(Scraped caption text data)
>>>>>
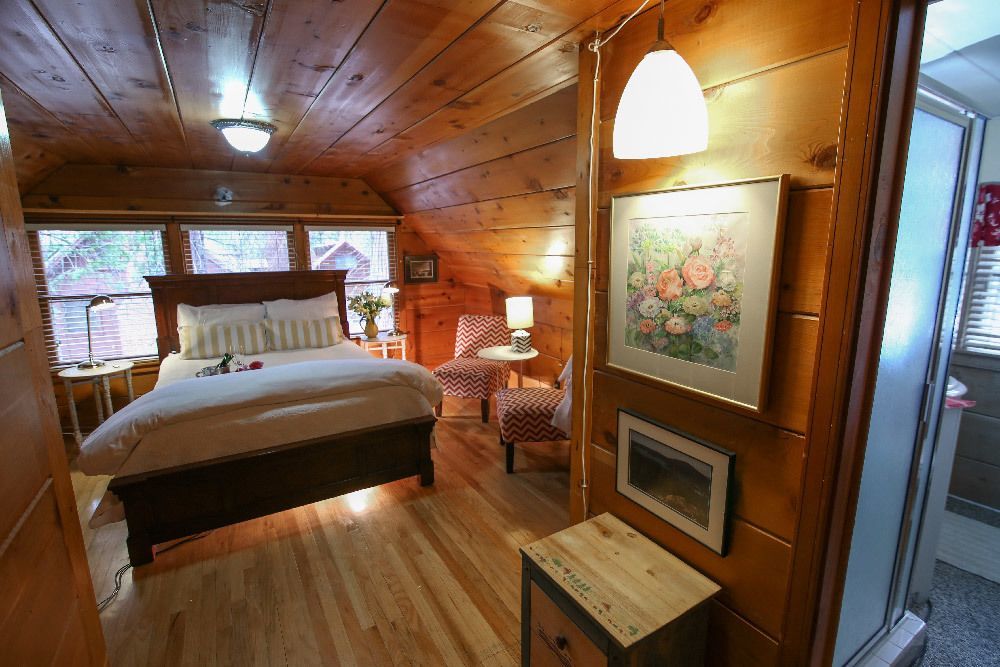 Elliott House Boutique Inn Shaver Lake Exterior foto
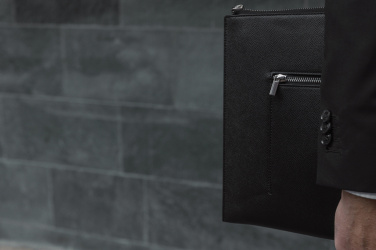 Logotrade Logogeschenke das Foto: VINGA Bermond 16" RCS Laptop-Sleeve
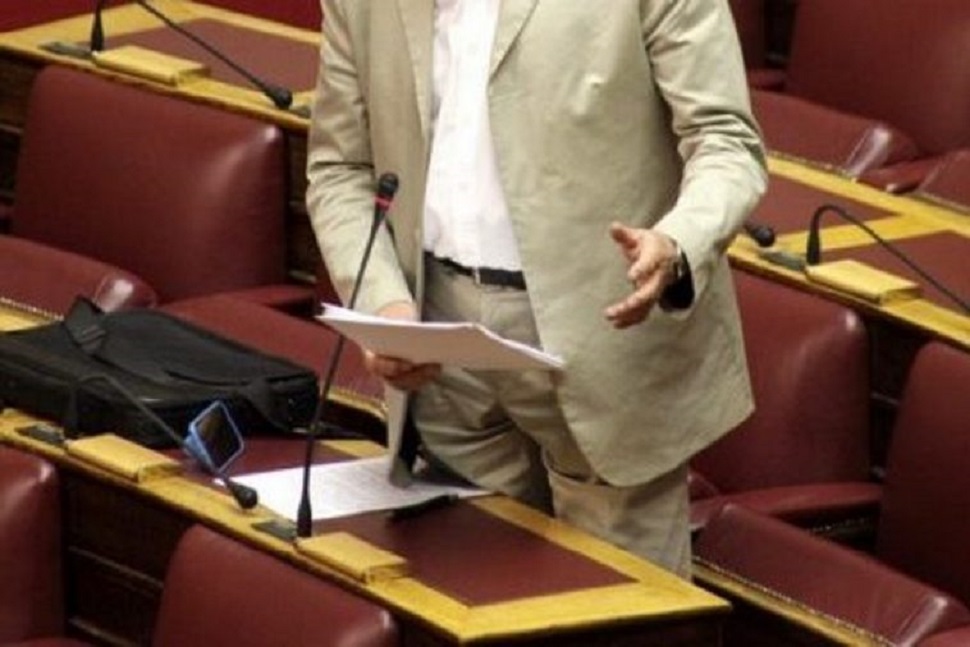 Θλίψη στο ελληνικό κοινοβούλιο – Νεκρός βουλευτής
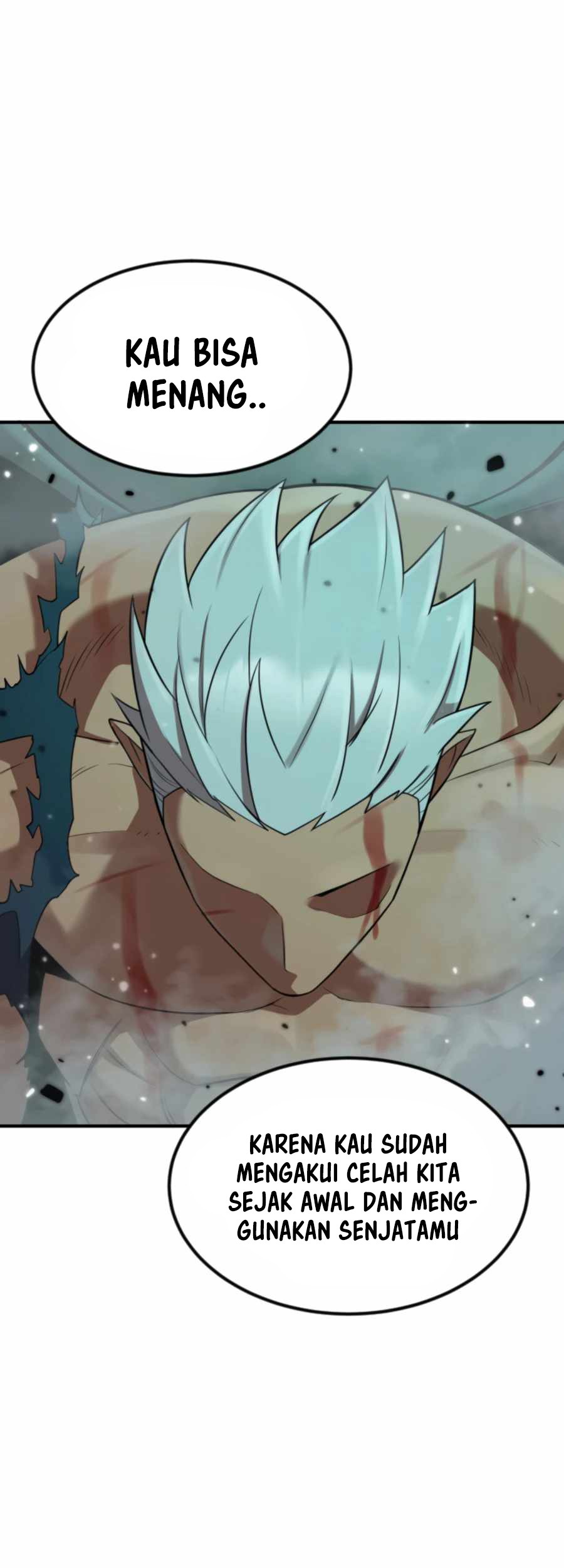 Is The Demon King A Healer? Chapter 14 - halaman 11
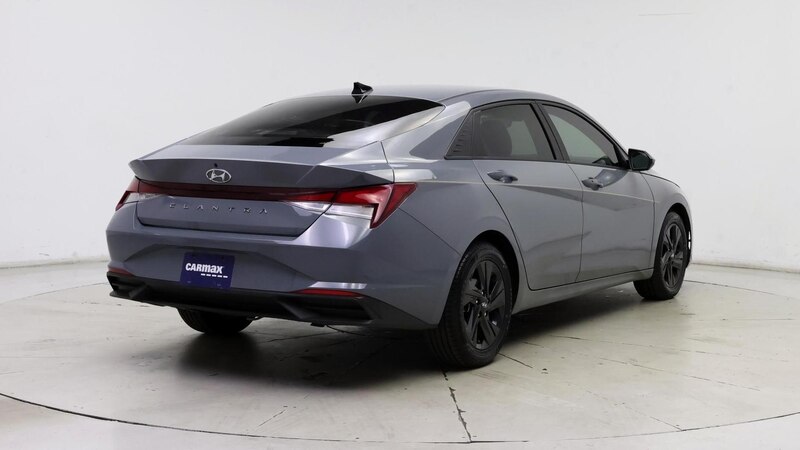 2021 Hyundai Elantra SEL 8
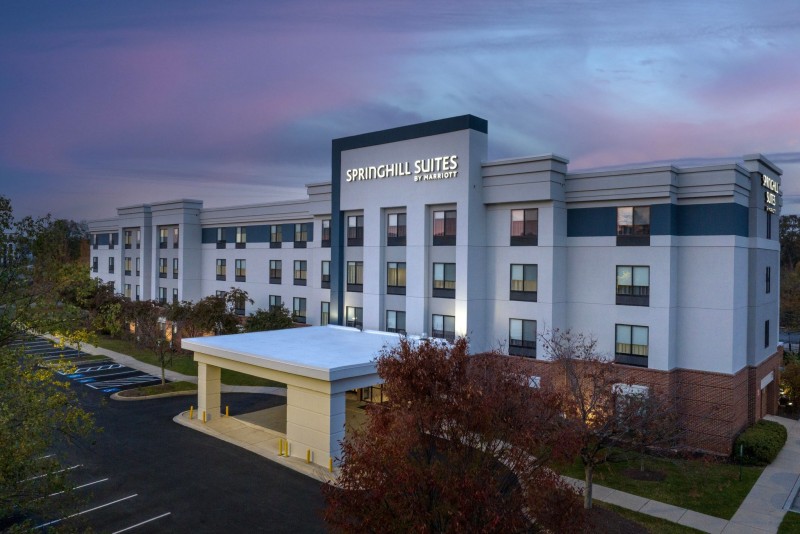 Springhill Suites By Marriott Annapolis photo 5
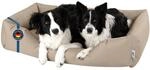 BedDog Hundebett ZARA Hundekissen mit waschbaren Bezug Hundekorb Hundesofa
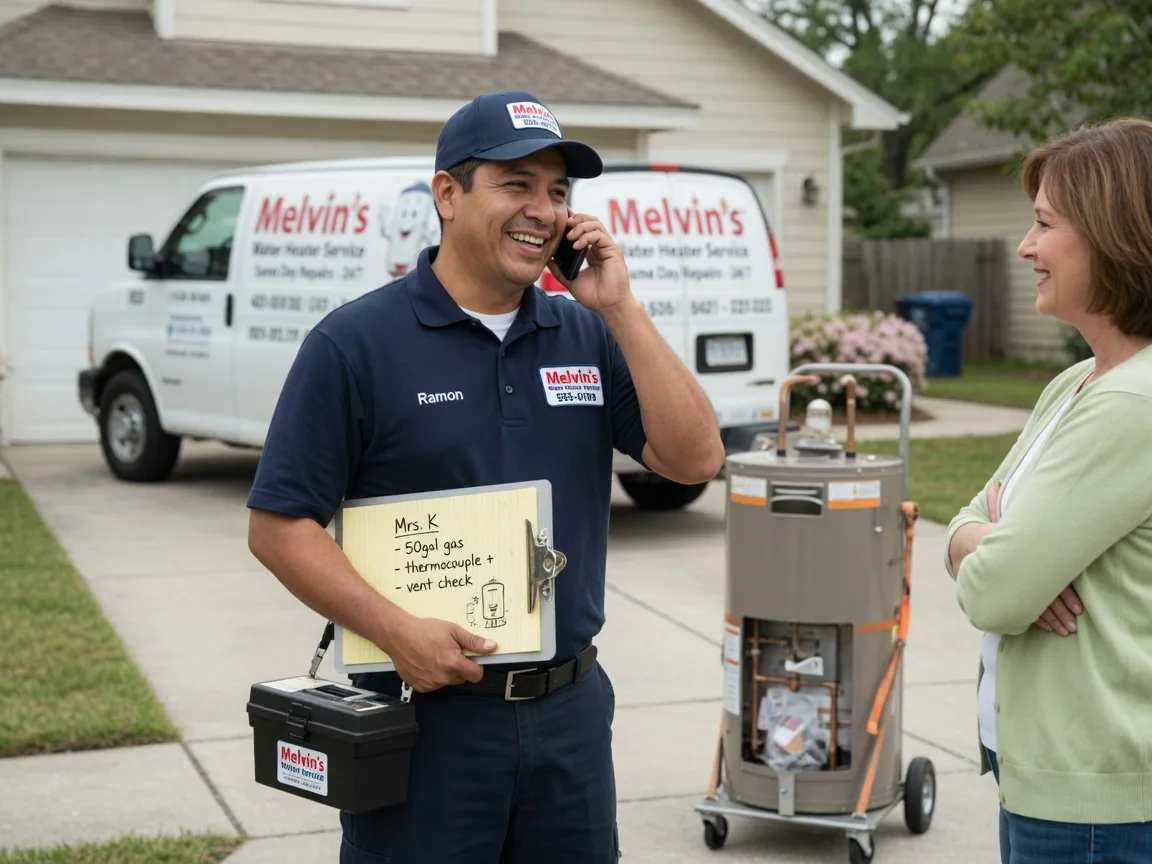 Water Heater Repair Alexandria, VA FAQs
<<<<<
**Task details**
Each entry, start to finish, goes into your copy exactly; the pictures stay out.

**Output for this task**
 Elliott House Boutique Inn Shaver Lake Exterior foto
 Logotrade Logogeschenke das Foto: VINGA Bermond 16" RCS Laptop-Sleeve
 Θλίψη στο ελληνικό κοινοβούλιο – Νεκρός βουλευτής
 Is The Demon King A Healer? Chapter 14 - halaman 11
 2021 Hyundai Elantra SEL 8
 Springhill Suites By Marriott Annapolis photo 5
 BedDog Hundebett ZARA Hundekissen mit waschbaren Bezug Hundekorb Hundesofa
 Water Heater Repair Alexandria, VA FAQs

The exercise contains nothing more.